Challenging Peterson
Re: The gender scandal — in Scandinavia and Canada, Jordan Peterson, Dec. 15
Jordan Peterson somehow continues to get credit for arguments about gender that entirely misrepresent what the other side is saying.
First, no one is saying that the goal is to minimize the differences between men and women. In fact, arguments for greater representation of women or minorities in certain professions or the government are based on precisely the opposite proposition: namely, that these groups bring different perspectives, approaches and experiences that have been historically undervalued/underrepresented, and that can have a positive impact on society and deserve to be heard.
Second, it is not that men’s and women’s preferences are entirely socially constructed. It’s that regardless of whether those differences are biological, socially constructed, or a bit of both (as I think most reasonable people believe), they should be equally valued. The problem is that those attributes that are deemed feminine are often devalued, discounted and even reviled. This translates into careers and then income, such that careers that require care work or other ‘female-coded’ skills are afforded much less esteem — and ultimately pay — than male-dominated professions.
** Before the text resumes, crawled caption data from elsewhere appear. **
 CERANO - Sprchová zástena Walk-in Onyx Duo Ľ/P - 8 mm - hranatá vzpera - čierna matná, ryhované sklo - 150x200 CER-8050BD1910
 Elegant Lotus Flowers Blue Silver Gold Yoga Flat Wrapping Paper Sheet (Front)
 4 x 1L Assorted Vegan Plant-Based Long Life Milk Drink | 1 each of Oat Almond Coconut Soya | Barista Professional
Finally, Peterson’s assertion that the left wants to “eliminate gender identity in young children” is also misguided. Rather than erasing it, and making everyone the same, the left wants children to express their gender identity in the way that makes them feel whole — which may or may not match the characteristics that society prescribes to their genitalia. Julia Lockhart, Ottawa
Jordan Peterson wants cabinet members to be selected based on their competence level. Their genders would then reflect those of MPs overall, he claims, citing what he believes to be statistical likelihood.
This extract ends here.